Thanks for sharing ! Beautiful !
	

	
	
		
		

		
		
	


	




 Colours are really great.


----------



## kimibos (Mar 31, 2013)

the shadows look so pretty. im going to get the turquoise eyeliner with the periwinkle one they have. they look beautiful!


----------



## Janeenersss (Mar 31, 2013)

Dominique33 said:


> Thanks for sharing ! Beautiful !
> 
> 
> 
> ...


	You're welcome! I asked my manager at work when we'll be getting them in store and she said the week of 4/14. I'll be sure to update you ladies when i find out for sure. I dont know when, or if Sephoras getting them as well.


----------



## Janeenersss (Mar 31, 2013)

Janice said:


> I saw promo's for this in a magazine recently, those ES's are sooo pretty!


	What magazine?


----------



## Janeenersss (Mar 31, 2013)

kimibos said:


> the shadows look so pretty. im going to get the turquoise eyeliner with the periwinkle one they have. they look beautiful!


	YESSS. I cant wait to see them in person!


----------



## Hilde (Apr 1, 2013)

I really like how those shadows look, I wonder if their texture is like the normal stila shadows or denser/harder.


----------



## tears3101 (Apr 1, 2013)

Thanks for sharing dear!
  	Groupie is my favourite


----------



## Janeenersss (Apr 1, 2013)

[No message]


----------



## Prettypackages (Apr 1, 2013)

i gave up on stila but these might reel me back in.


----------



## Janeenersss (Apr 1, 2013)

Prettypackages said:


> i gave up on stila but these might reel me back in.


	exactly how i feel


----------



## themakeupmommy1 (Apr 3, 2013)

I really want the red, orange and yellow eyeshadow!


----------



## iATEaSEAmonster (Apr 7, 2013)

Are the color pigments safe for lips? I looked at the ingredients, and I don't see anything particularly un-lipsafe.


----------



## alyxo (Apr 10, 2013)

I swatched Tie Dye in Sephora... Oh god, it is so so beautiful. I left the store without it and I don't know how. But I will go back to get it because it's so amazing!


----------



## Janeenersss (Apr 10, 2013)

alyxo said:


> I swatched Tie Dye in Sephora... Oh god, it is so so beautiful. I left the store without it and I don't know how. But I will go back to get it because it's so amazing!

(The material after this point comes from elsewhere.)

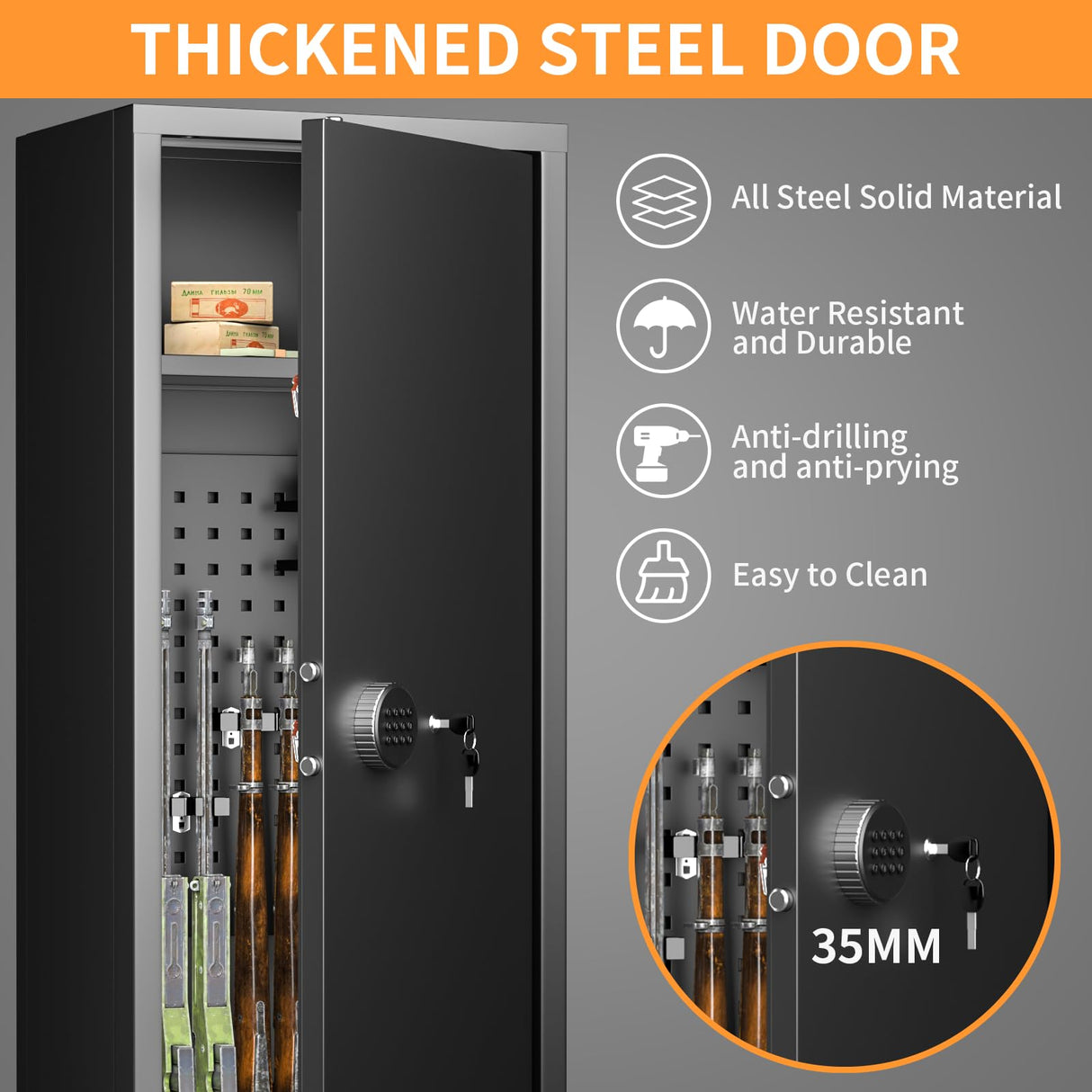 INTERGREAT [2024 New 8-10 Rifle Gun Safe, Gun Safes for Home Rifle and Pistols with Keypad, Gun Cabinet for Rifles and Shotguns with Pocket and Removable Shelf, Long Gun Safe, Easy Assemble INTERGREAT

	post swatches when you get it!


----------



## avalauren (Apr 15, 2013)

Wow those look great, I haven't purchased anything from Stila for awhile, but these caught my attention!


----------



## potophan (Apr 15, 2013)

The eyeshadows look great !!


----------



## katred (Apr 22, 2013)

I swatched the shadows in store and the pigment level is amazing. Going to have to bring at least a couple of these babies home with me.


----------



## Janeenersss (Apr 22, 2013)

katred said:


> I swatched the shadows in store and the pigment level is amazing. Going to have to bring at least a couple of these babies home with me.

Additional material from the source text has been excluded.